Invocation of this API does not affect the existing port configuration.

13.1.2.12. Independent Enqueue Capability

This capability applies to eventdev devices that expects all forwarded events to be enqueued in the same order as they are dequeued. For dropped events, their releases should come at the same location as the original event was expected. The eventdev device has this restriction as it uses the order to retrieve information about the original event that was sent to the CPU. This contains information like atomic flow ID to release the flow lock and ordered events sequence number to restore the original order.

This capability only matters to eventdevs supporting burst mode. On ports where the application is going to change enqueue order, RTE_EVENT_PORT_CFG_INDEPENDENT_ENQ support should be enabled.

Example code to inform PMD that the application plans to use independent enqueue order on a port:

if (capability & RTE_EVENT_DEV_CAP_INDEPENDENT_ENQ)
    port_config = port_config | RTE_EVENT_PORT_CFG_INDEPENDENT_ENQ;

13.1.2.13. Stopping the EventDev

A single function call tells the eventdev instance to stop processing events.

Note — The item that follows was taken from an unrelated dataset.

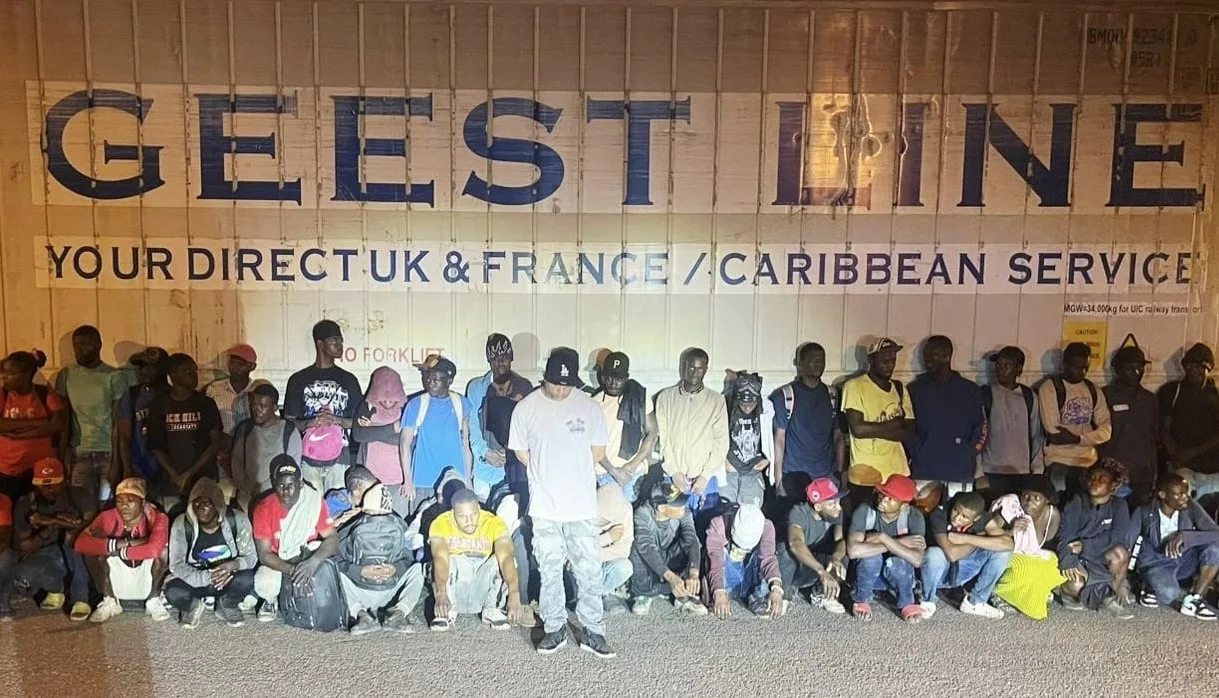 Ejército detiene camionero que ocultaba 52 haitianos indocumentados dentro de un furgón en Mao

A flush callback can be registered to free any inflight events using rte_event_dev_stop_flush_callback_register() function.

int err = rte_event_dev_stop(dev_id);

Note

The event producers such as event_eth_rx_adapter, event_timer_adapter, event_crypto_adapter and event_dma_adapter need to be stopped before stopping the event device.

13.1.3. Summary

The eventdev library allows an application to easily schedule events as it requires, either using a run-to-completion or pipeline processing model. The queues and ports abstract the logical functionality of an eventdev, providing the application with a generic method to schedule events. With the flexible PMD infrastructure applications benefit of improvements in existing eventdevs and additions of new ones without modification.